Institusi seperti di Badan Pengkajian dan Penerapan Teknologi (BPPT), Badan Informasi Geospasial (BIG), Badan Standardisasi Nasional (BSN), Bappenas, Kementerian Lingkungan Hidup, Kementerian Dalam Negeri, Kementerian ESDM, Kementerian Kehutanan, Kementerian Pertanian, Pemerintah Daerah, serta Masyarakat Akuntansi Sumber Daya Alam dan Lingkungan Indonesia (Masli) memiliki peran langsung terkait NSDA. Isu-isu yang muncul dari berbagai institusi tersebut diakomodasi melalui instrumen pengintegrasian dimensi regulasi, teknologi akuntansi dan valuasi, teknologi geospasial, dan standardisasi, untuk tata kelola SDA berkelanjutan.

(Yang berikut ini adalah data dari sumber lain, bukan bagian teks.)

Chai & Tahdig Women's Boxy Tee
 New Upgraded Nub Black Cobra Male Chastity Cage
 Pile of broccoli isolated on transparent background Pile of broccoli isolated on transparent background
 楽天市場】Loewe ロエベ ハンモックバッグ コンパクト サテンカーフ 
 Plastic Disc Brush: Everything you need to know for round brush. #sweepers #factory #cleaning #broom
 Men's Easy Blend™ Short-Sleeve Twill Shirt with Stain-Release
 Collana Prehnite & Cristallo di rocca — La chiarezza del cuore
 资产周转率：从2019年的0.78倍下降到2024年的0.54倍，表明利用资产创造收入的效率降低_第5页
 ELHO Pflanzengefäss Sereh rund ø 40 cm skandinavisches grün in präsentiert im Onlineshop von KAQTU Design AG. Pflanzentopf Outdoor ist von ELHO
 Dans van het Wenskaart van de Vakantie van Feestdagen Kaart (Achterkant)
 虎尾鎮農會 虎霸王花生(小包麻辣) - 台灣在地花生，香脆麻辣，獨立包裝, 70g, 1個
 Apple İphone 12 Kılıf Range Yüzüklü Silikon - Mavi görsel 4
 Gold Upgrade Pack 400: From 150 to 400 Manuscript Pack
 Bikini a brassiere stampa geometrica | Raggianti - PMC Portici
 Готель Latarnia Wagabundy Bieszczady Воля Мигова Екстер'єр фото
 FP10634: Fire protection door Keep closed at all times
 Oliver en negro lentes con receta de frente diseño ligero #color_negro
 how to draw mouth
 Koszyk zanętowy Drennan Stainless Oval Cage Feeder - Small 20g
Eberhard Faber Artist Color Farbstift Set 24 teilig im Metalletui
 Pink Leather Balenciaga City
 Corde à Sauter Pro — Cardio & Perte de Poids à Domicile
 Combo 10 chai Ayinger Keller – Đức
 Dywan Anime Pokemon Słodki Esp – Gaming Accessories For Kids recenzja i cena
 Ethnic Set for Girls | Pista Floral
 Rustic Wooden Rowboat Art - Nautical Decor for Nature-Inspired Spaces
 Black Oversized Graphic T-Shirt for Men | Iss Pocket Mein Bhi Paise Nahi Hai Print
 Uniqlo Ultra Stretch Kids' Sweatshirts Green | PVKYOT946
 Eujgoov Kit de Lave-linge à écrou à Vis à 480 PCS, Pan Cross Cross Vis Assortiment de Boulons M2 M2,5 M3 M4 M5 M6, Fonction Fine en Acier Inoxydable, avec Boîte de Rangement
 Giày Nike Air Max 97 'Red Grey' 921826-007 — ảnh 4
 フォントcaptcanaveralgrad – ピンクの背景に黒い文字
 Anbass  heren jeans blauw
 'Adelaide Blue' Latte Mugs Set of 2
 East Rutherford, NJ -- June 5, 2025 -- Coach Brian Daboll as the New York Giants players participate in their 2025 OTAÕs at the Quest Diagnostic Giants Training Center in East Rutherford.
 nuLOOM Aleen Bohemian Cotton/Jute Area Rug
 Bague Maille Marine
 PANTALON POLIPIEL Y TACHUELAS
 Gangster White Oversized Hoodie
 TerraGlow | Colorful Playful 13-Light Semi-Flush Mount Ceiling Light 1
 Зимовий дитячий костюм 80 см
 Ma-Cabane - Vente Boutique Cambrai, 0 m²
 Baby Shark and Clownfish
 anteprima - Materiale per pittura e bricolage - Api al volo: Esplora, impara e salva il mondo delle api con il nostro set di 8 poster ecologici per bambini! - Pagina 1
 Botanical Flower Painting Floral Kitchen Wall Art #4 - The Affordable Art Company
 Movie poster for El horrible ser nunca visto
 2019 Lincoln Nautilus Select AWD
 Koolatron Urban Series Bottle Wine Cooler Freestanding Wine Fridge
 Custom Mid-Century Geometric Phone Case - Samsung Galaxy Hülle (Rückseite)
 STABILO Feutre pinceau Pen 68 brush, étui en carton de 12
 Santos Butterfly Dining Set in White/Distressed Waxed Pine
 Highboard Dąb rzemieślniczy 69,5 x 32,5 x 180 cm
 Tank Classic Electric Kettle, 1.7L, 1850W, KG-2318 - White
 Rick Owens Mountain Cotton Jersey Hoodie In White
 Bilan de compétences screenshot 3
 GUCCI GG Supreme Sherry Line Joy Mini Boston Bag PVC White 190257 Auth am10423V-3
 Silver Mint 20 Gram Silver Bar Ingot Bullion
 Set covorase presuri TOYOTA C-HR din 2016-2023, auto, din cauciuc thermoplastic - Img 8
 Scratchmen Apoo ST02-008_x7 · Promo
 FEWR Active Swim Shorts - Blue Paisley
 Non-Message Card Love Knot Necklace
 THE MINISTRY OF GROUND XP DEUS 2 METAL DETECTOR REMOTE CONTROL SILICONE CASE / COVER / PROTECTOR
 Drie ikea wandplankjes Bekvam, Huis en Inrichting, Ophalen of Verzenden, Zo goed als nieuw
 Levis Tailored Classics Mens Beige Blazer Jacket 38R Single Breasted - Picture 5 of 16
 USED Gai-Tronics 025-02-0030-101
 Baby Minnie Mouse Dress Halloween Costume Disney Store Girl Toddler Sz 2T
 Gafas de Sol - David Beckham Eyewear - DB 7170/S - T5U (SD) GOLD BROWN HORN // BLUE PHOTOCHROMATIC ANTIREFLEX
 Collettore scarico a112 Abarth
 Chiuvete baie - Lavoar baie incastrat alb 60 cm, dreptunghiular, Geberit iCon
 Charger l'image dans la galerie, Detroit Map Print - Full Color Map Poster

Bagaikan kanker stadium empat, laju perusakan SDA (hutan) sudah mencapai fase "Darurat SDA" yang harus diperlambat ekspansinya melalui rencana aksi yang komprehensif untuk menyehatkan ekosistem induknya. Untuk itu keterpaduan pemangku kepentingan dan stakeholder sangat dibutuhkan yang harus berbasis regulasi yang pro-pembangunan berkelanjutan, karena masih banyak pekerjaan rumah terkait SDA yang masih terbengkalai seperti sektor lahan, sumber daya pesisir dan laut, sumber daya air, dan lain-lain.
Sasaran yang diharapkan adalah dihasilkannya rekomendasi-rekomendasi yang positif untuk menata kembali persoalan-persoalan terkait SDA, seperti regulasi, metode, standardisasi, dan kebutuhan basis data spasial yang diteruskan kepada pemerintah. Rekomendasi ini diharapkan akan mendorong pemerintah mengambil terobosan yang lebih nyata untuk mengelola SDA dengan baik.